He was born of stone, an earling’s bastard, just one of a dozen or so children the earl had gotten in a long series of brief, though passionate, affairs with his servants. He came into the world sideways, the cord wrapped around his neck, and stopped halfway out, so that the birthing women had to cut him from his mother’s body. By the time they had him fully out and uncoiled, the mother was dead, and they thought the boy was, too.

Jere’s first and only contact with his mother’s breast was brief. One of the birthing women dropped him unceremoniously upon his mother’s flaccid and rapidly cooling belly. They left him there, tiny fists clenched, to flop about upon the naked woman who had borne him, while the blood was cleaned from the flagstones.

The physician came at length to examine the child. He decided, somewhat reluctantly, that the child was alive and likely to continue in that state indefinitely. And so he told the women to cut the cord, pincer the end shut, wipe the fluids away, and put the infant somewhere out of the earl’s sight.

A girl, Betha, took him to foster, for Jere’s mother had once done her a kindness. Besides, none of the other women would have him: It was a bad sign when a child’s birth was the death of his dam. And all had noted that Jere did not cry. The boy looked out at the world with pale blue eyes, a wide mouth, and damp, dark hair. His breathing was light and even, as though he slept.

Betha cradled him against her breasts and took him away to another part of the castle, far from the earl’s quarters, where she and the other serving women lay on their cots at night.

Stone surrounded him, floors, walls and ceilings.

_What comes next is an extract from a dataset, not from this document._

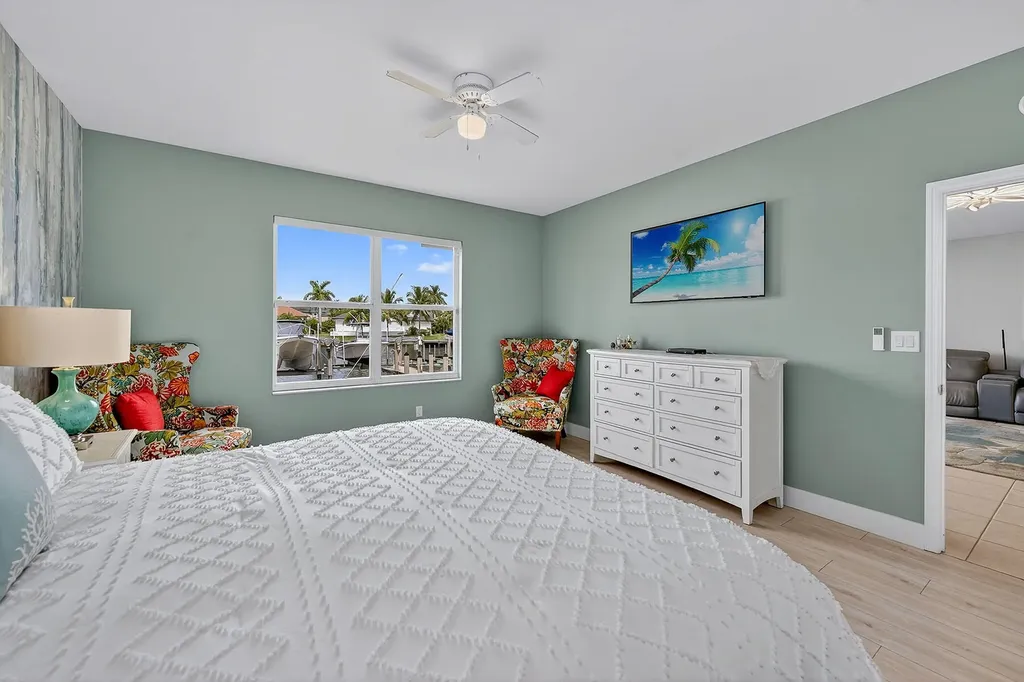 214 Waterway Marco Island FL 34145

Cold stone in the winter, freezingly cold, so that the girls hopped about from foot to foot and stood with their arms tightly clenched against their breasts. Cool stone in spring and autumn, damp with condensation, full of dark corners where rats ran and snakes slithered. Baking-hot stone in summer, when the sunlight beat down upon the castle like the siege engines of an enemy.

He found flagstones as long as a man is tall, arches with keystones heavier than a loaded wagon, and square-hewn slabs set in dark mortar to form the battlements. Jere took shape among them, dark-skinned and handsome like his sire, obdurate and silent like the walls. His eyes gradually darkened to an almond brown. His legs lengthened and his muscles hardened. His hands fluttered over anything he saw, as if touch were the only sense he trusted. The stones were solid under his fingers, unyielding and sure. He took them inside himself, into his strange and twilit soul.

There was not a passage, archway, rat-hole or cistern he had not explored. No dungeon was too dark, no spire too tall, that he would not find it, and in finding, touch, and in touching, know.

Yet of himself, Jere seemed oddly unaware. He would cry if not fed, or steal food if it were left out, but showed no other signs of noticing himself as discrete from his environment. Betha he learned to recognize early on, though as soon as he had the muscles to push her away, he did. He would obey her if she spoke sharply or struck him, but otherwise he ignored her and all other humans. Stone was in him, and he in it, and the castle was his whole world.

He touched everything with his long, sensitive fingertips, and he never quite broke the childhood habit of putting strange new objects into his mouth. The tongue is a marvelous instrument of touch, and the mouth an excellent and reliable source of sensory input. At the age of three, he ran about with a waddling gait, exploring anything that caught his eye, and still he had yet to say his first word.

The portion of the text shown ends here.